Sí, el, odio, la desesperación de hacia el alguacilillo. Aquel alguacilillo –nunca era el mismo– que me visitaba siempre y me decía en el patio de cuadrillas: ‘De parte de la autoridad, que no se olvide usted, que no puede echar pie a tierra’.
“–Vámonos, Ruy, vámonos que no puedo más –le suplicaba entonces a mi querido maestro.
“Mas surgían las buenas palabras de los amigos: ‘Tengamos paciencia’, me repetía Marcial.
“Y don Ignacio Vázquez se apresuraba a escribirme: ‘Llega a mis oídos que hablas de irte a América si no te dejan torear a pie. Quiero repetirte lo que tantas veces te he dicho: eso es un disparate.
‘Tus rabietas, porque no te conceden tan pronto como esperabas, no pueden hacerte perder el buen sentido.’
“Y Cayetana me ponía un P.S. en su carta: ‘Rezaré para que te dejen torear a pie’. Y yo me daba por vencida… Tenía tan buenos amigos.
“Para distraerme, iba con ellos al campo y toreaba a pie… a pie… a pie. Cayetana, en cambio, ansiaba por torear a caballo.
“Con el permiso que un día logramos de su padre, pasó a ir conmigo al campo, y montando a Maravilla saboreó la suerte de banderillear a caballo… Nuestra amistad floreció en esos días.”
***
“Un día, estando muy triste y desolada, apareció en mi vida la figura notable del general Varela, dueño y señor de dos laureadas.
‘Si quiere torear a pie en Ceuta –le dijo a Marcial–, yo se lo permito.
“Se firmó un contrato y cogimos el primer avión.”
***
“Aquella visita que hicimos a Marruecos fue, del principio al fin, un cuento de Las mil y una noches”.
“Entramos en Tetuán, en el coche del general, después de los toros. Era una noche de luna. Aquí y allí se veían callecitas estrechas cubiertas de parras, que de íntimas parecían más pasillos entre cuartos amigos. Siluetas raras aisladas o formando grupos, se juntaban en los umbrales de las puertas.
“En una esquina hervía una olla. Junto a ella sentábase en el suelo, rodeado de hierbas raras, un hombre de grandes barbas y tremendo y sucio turbante. Los reflejos de las llamas le daban un aspecto extrañísimo. Pasaron dos mujeres, cual fantasmas. Las telas ondulantes disfrazaban la delicadeza de sus rostros y andares.
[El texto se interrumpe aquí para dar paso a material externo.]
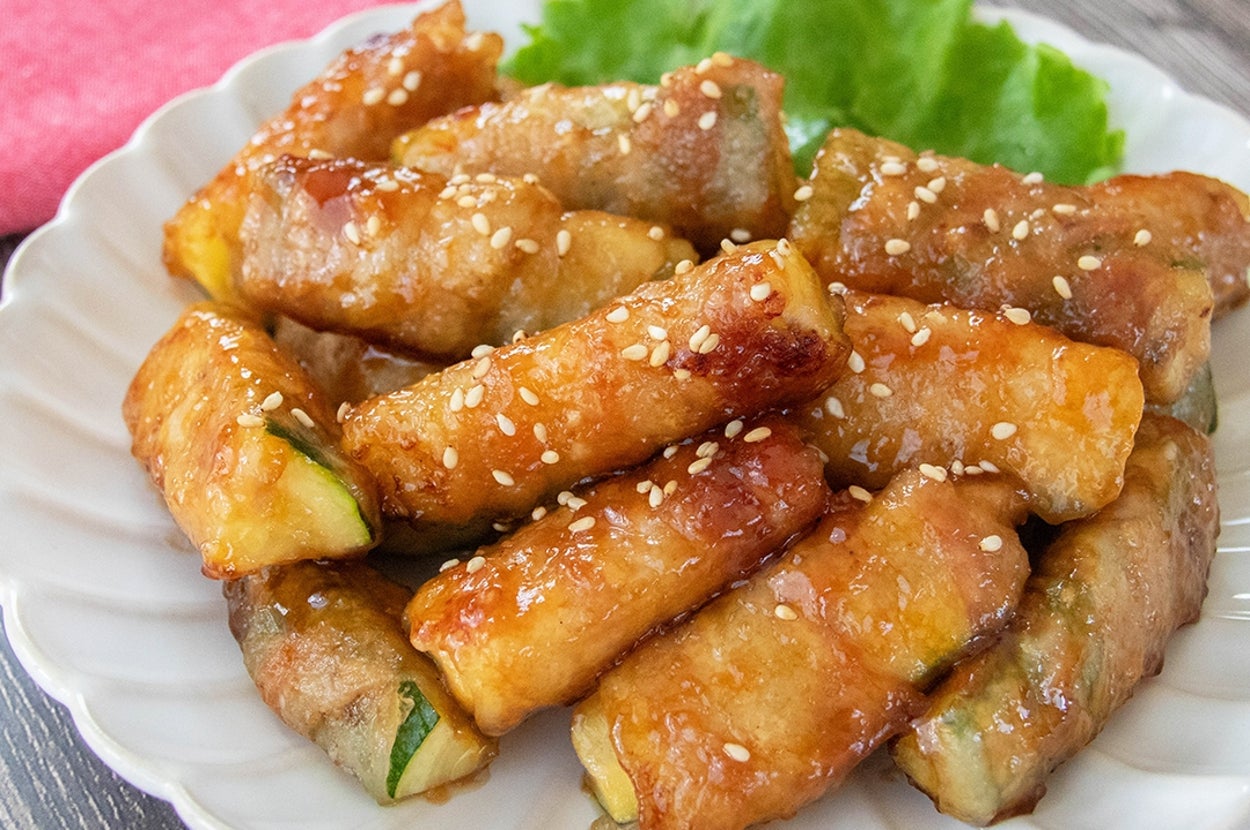 お皿に盛られた肉巻きズッキーニ。白いりごまがトッピングされ、美味しそうに焼き上がっている。バックにレタスが添えられている。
“En una plaza, destacándose en la noche estrellada, surgió frente a nuestros ojos el palacio del jalifa y, junto a él, iluminado por inmensos faroles escondidos entre ramas y palmeras, el palacio del alto comisario de España en Marruecos, general Varela.
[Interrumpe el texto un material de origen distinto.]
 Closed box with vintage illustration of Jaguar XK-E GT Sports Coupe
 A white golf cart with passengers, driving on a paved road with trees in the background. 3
“Nos abrió la puerta un moro “Moreno de verde luna’, vestido de Alí-Babá. El patio, sus arcos y mosaicos, la fuente y el blancor de las gruesas paredes fueron preámbulo fantástico de un salón en cuya puerta estaban, cual columnas de la Alhambra, dos hermosos guardas moros. Entramos en el gran recinto con armónicas ventanas árabes y muebles del mismo estilo y vimos, sentados en el suelo, sobre ricas almohadas, a su alteza real el jalifa de Marruecos, al general Varela, a su preciosa mujer, a don Gregorio Corrochano y a varios invitados.
“Cenamos con un criado enorme detrás de cada silla. ¡Debían ser guerreros fantásticos! Qué bien les caían, sobre su porte de casi dos metros, los ricos trajes que usaban: fajas coloradas, pantalones bombachos, anchas mangas de seda fina, botas y puños de cuero trabajado. Se lo dije al general y éste me explicó que él y su mujer habían idealizado los trajes copiando grabados muy antiguos. Luego me contó el curioso motivo del lujo que nos rodeaba.
“Un día –era entonces el general un joven teniente– anunció su llegada a Ceuta el conde de Romanones. El joven teniente preparó, durante una semana, a sus soldados, con el fin de que supieran apreciar bien la importancia de la distinguida visita.
“–¿Más que un gran visir? –indagaban, curiosos, los soldados.
“–¡Más que un gran visir! –confirmaba el teniente Varela a sus hombres.
“Cuando apareció el conde de Romamones, vestido con un sencillo traje blanco y un viejo sombrero Panamá y además montado en un burro, el teniente mal pudo contener la indignación de sus soldados.